Issuers have also scaled back their ambitions. Shanghai Henlius Biotech this week raised $410 million in the first major listing since July, but at the bottom of its pricing range. At the top end of the range, it would have raised $477 million.
ESR, after shelving a $1 billion issue in June, is also road-showing again and will meet investors next month, according to people familiar with the situation.
Potential issuers testing the market would certainly be a relief for the Hong Kong Stock Exchange and give a fillip to its plans to buy the LSE after a less than stellar year.
So far this year, 87 offerings worth $10.7 billion have been priced in Hong Kong compared with 202 deals worth $36.7 billion for all of 2018, according to Dealogic. That puts it behind the Nasdaq and the New York Stock Exchange as the destination of choice for IPOs globally and marks a reversal of roles from last year. Hong Kong has topped the table in three of the past four years.
Nonetheless, Hong Kong remains "a top destination for IPOs based on its strong fundamentals, despite a number of uncertainties affecting market sentiment and some IPO applicants adopting a more cautious, wait-and-see approach to proceed with their listing," said Paul Lau, head of capital markets at KPMG China.
Indeed, based on the IPO backlog, KPMG predicts an uptick in listings by the end of the year. It estimates more than 10 small to midsize active deals in the pipeline, all of which could see Hong Kong remain among the top three globally in terms of total funds raised in 2019.

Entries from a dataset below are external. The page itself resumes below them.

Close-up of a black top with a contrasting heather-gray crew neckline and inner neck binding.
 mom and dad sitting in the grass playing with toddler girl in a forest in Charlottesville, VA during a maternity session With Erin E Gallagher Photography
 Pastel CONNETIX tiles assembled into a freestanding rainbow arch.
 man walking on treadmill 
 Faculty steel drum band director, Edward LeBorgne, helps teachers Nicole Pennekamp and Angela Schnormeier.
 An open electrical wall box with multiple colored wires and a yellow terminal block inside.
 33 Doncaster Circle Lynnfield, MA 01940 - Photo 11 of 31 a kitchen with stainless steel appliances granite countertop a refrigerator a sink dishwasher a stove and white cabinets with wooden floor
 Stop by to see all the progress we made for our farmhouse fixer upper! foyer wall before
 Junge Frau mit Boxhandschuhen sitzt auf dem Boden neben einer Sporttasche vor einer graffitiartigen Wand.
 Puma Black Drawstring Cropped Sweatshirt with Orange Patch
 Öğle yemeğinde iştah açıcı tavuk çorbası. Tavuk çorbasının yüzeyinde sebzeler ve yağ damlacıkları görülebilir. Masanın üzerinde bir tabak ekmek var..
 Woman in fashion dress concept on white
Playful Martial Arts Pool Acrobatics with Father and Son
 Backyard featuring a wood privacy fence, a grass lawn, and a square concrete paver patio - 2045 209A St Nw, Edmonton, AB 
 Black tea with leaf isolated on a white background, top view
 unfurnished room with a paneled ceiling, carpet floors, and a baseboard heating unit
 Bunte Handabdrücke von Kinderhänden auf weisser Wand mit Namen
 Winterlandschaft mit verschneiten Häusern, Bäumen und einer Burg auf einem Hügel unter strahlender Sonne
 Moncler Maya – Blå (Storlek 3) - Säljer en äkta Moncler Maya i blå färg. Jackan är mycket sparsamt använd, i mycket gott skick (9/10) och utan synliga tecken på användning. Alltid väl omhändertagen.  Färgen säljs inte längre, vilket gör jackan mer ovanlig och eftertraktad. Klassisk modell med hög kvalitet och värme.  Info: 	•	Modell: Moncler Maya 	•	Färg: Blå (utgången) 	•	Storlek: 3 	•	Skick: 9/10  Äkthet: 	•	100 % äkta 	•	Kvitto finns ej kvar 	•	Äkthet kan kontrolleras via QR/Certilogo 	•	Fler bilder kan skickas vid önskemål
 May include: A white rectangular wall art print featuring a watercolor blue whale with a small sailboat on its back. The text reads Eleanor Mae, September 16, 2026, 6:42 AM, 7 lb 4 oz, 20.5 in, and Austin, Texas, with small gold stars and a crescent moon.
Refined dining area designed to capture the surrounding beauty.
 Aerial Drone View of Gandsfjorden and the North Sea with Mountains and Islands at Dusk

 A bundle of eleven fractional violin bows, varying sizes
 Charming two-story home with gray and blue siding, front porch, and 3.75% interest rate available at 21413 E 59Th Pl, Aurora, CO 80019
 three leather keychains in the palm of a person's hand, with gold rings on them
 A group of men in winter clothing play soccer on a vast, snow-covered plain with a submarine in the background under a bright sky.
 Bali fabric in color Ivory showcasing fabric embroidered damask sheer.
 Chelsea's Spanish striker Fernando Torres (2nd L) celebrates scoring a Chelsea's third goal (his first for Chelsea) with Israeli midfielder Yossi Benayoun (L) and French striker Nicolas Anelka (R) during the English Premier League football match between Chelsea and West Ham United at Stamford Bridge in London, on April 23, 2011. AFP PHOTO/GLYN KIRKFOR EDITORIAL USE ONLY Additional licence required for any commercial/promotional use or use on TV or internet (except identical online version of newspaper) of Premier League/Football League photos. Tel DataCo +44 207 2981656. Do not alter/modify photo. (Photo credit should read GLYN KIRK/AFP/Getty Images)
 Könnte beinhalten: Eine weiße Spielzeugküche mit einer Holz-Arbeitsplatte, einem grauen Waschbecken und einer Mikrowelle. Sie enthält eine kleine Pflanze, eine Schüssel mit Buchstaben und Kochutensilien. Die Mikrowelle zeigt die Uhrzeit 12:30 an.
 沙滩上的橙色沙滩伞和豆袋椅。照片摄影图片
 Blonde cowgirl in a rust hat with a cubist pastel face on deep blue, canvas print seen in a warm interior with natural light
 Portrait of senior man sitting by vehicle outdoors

"Hong Kong equity remains attractive to long-term investors due to its attractive valuation," said Marcella Chow, global market strategist at J.P. Morgan Asset Management. "Hong Kong's equity market dynamics are largely driven by ongoing trade tensions, global growth worries and easing by key central banks. While the immediate Hong Kong situation remains unclear, long-term investors should continue to focus on the intrinsic values of companies."